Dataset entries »
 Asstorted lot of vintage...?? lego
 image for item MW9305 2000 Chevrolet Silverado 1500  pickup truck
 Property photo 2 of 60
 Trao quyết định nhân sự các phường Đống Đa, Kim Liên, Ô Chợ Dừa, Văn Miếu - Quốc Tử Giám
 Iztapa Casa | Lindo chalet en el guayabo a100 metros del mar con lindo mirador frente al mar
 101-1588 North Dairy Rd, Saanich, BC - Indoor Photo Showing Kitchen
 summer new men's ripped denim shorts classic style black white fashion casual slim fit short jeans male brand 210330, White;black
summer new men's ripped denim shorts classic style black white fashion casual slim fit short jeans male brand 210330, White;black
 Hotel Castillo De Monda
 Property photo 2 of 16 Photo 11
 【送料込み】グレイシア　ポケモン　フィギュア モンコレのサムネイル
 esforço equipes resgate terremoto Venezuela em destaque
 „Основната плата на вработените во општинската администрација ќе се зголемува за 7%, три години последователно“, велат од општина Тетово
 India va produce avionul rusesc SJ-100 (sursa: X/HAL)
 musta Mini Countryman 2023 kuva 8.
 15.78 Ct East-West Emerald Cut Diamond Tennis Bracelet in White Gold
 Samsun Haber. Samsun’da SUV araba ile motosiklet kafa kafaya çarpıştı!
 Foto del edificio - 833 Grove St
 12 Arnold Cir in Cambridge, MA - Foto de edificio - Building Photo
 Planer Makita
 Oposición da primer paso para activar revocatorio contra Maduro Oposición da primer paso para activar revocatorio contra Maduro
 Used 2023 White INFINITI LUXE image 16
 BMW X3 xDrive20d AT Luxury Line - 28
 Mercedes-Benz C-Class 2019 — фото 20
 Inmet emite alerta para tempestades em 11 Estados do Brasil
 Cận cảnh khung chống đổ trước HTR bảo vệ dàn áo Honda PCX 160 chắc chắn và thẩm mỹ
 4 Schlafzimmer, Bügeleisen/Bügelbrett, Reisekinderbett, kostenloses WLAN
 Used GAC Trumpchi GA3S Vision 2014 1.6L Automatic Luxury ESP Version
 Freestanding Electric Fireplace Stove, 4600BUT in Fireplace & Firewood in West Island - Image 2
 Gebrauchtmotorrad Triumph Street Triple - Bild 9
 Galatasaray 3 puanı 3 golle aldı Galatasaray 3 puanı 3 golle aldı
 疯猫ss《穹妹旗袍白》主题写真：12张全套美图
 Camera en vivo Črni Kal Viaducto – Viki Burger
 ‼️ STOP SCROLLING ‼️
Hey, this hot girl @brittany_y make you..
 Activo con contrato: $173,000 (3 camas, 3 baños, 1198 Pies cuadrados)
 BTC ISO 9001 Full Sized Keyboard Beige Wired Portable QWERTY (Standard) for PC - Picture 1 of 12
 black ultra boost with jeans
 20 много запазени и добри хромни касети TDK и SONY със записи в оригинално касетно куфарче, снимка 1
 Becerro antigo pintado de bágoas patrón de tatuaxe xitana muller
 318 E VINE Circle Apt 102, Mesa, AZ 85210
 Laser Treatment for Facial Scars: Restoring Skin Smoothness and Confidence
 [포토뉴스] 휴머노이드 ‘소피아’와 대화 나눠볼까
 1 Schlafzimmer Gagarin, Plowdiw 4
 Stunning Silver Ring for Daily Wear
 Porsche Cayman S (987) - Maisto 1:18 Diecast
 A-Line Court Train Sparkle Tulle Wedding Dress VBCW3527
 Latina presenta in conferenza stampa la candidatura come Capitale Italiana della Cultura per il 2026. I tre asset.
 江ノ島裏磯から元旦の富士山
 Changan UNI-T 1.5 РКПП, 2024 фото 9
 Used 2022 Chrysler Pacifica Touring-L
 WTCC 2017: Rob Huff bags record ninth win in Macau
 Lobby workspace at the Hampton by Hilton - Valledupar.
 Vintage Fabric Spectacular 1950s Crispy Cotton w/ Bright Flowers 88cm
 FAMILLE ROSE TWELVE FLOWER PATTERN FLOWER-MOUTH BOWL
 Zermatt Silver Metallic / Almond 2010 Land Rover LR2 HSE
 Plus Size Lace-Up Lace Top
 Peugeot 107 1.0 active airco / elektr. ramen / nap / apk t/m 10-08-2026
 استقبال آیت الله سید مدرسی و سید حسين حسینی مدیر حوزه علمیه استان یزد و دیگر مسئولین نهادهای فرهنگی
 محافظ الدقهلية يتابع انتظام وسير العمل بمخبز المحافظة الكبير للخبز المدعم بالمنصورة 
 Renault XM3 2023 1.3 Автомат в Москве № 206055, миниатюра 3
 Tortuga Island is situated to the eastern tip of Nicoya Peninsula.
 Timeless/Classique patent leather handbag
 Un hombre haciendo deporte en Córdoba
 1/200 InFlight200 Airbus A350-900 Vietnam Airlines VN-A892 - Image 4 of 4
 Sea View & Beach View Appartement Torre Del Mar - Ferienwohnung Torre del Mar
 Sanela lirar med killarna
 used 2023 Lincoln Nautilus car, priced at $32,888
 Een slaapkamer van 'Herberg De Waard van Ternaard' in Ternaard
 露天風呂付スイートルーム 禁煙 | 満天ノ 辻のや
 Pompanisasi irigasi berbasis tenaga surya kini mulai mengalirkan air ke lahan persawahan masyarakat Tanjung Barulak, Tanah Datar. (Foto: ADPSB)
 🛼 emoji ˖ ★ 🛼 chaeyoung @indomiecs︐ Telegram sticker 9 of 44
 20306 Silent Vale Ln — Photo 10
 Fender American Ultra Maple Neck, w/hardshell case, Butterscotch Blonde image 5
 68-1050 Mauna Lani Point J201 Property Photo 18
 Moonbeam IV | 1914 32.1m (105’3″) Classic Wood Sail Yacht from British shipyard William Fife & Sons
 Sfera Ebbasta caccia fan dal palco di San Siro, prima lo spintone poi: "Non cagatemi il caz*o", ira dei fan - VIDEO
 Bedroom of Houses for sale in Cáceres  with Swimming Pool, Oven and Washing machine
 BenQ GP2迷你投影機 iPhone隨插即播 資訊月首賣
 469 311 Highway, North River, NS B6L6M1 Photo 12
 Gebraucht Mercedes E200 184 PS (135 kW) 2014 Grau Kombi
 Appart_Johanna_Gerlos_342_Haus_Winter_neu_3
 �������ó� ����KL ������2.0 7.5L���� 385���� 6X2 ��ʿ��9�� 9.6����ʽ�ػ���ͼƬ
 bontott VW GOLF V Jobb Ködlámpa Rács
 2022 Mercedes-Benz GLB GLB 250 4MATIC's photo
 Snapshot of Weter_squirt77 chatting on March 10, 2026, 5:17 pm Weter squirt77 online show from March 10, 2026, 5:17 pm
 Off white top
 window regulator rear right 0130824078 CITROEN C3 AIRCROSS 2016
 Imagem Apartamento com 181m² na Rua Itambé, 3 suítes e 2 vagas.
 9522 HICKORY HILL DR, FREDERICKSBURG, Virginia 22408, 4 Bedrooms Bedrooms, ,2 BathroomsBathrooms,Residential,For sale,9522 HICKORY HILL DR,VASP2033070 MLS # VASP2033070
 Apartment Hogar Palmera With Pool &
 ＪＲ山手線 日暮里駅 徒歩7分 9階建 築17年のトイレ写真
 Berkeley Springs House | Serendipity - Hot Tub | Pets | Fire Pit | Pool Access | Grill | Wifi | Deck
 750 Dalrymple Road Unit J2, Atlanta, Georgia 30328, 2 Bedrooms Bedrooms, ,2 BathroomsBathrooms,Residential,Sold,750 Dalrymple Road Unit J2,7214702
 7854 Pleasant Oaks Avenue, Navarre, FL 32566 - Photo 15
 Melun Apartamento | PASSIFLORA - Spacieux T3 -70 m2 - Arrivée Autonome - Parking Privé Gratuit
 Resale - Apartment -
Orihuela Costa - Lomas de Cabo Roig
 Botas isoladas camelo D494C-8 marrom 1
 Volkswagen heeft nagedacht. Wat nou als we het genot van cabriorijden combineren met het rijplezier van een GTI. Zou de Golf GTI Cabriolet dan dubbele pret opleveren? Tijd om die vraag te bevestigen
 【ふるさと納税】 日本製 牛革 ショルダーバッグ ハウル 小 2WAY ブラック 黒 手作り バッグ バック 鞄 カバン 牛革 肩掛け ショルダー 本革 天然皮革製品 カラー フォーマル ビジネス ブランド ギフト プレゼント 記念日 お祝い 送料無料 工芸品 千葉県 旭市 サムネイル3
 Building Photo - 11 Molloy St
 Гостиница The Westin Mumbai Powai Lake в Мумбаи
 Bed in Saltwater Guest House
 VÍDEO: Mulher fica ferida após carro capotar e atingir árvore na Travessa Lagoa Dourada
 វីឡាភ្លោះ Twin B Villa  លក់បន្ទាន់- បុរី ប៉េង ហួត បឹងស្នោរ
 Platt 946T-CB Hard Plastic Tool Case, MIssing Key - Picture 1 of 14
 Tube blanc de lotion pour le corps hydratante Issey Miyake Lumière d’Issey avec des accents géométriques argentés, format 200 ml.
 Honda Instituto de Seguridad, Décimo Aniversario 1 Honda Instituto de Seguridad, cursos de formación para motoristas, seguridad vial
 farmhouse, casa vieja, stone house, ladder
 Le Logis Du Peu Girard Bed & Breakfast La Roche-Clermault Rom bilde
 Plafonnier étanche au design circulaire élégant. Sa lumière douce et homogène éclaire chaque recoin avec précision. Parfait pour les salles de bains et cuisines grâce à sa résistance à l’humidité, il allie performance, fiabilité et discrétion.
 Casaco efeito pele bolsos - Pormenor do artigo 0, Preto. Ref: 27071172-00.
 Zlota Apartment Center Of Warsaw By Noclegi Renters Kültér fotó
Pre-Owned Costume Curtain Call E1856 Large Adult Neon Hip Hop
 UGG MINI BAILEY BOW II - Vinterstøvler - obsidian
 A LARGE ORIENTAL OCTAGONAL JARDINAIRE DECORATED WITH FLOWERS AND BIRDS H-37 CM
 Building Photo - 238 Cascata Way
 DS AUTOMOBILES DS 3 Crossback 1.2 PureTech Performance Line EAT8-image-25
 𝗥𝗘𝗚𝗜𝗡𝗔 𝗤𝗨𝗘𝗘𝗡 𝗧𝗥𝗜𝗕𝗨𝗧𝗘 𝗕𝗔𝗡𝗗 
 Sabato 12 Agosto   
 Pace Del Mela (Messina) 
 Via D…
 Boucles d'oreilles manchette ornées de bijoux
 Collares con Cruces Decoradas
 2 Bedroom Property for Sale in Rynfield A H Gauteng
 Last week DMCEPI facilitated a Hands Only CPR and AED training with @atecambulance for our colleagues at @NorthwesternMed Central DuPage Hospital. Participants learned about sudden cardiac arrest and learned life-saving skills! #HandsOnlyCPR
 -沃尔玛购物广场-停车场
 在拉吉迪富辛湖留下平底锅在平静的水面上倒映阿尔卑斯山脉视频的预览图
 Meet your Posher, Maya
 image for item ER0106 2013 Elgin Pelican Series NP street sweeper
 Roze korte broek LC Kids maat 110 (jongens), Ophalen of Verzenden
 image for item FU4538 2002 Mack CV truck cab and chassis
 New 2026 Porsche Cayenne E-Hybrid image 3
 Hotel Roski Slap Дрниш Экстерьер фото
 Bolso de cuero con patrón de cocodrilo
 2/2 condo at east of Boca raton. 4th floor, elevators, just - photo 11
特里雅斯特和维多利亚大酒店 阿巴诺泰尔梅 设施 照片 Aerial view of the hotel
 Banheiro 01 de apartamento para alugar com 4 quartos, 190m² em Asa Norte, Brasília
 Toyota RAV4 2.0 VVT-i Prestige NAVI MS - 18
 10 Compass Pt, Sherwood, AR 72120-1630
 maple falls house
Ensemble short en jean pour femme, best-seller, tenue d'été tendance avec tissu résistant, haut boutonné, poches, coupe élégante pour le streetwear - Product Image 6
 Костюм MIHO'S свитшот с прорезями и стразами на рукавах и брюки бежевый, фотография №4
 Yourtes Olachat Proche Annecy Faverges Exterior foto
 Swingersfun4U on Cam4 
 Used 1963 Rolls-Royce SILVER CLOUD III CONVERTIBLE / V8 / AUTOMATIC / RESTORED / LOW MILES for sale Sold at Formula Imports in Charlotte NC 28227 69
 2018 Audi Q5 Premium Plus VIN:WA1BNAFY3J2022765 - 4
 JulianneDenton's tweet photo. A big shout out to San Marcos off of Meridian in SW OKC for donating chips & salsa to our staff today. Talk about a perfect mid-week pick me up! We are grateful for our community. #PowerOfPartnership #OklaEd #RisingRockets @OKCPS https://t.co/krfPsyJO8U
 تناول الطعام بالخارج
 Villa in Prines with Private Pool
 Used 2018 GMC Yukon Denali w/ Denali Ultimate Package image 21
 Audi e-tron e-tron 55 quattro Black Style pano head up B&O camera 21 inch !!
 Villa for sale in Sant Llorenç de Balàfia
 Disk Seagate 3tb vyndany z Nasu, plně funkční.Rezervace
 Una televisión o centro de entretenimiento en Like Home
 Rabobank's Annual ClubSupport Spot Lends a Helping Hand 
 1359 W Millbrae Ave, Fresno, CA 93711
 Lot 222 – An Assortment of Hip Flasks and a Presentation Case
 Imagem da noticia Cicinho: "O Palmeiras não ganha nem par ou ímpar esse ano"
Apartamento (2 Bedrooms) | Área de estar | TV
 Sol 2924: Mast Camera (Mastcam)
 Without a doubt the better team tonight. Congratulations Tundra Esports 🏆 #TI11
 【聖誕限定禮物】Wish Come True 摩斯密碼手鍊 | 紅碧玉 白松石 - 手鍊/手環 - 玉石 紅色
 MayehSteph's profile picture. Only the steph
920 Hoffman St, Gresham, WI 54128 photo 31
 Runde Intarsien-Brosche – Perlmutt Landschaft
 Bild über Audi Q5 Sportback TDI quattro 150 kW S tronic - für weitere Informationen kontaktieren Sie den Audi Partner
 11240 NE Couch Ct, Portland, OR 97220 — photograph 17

What you will do » The response must consist solely of the lines from the top of the records through the line holding "101-1588 North Dairy", copied word for word.

Exercise solution »
 Asstorted lot of vintage...?? lego
 image for item MW9305 2000 Chevrolet Silverado 1500  pickup truck
 Property photo 2 of 60
 Trao quyết định nhân sự các phường Đống Đa, Kim Liên, Ô Chợ Dừa, Văn Miếu - Quốc Tử Giám
 Iztapa Casa | Lindo chalet en el guayabo a100 metros del mar con lindo mirador frente al mar
 101-1588 North Dairy Rd, Saanich, BC - Indoor Photo Showing Kitchen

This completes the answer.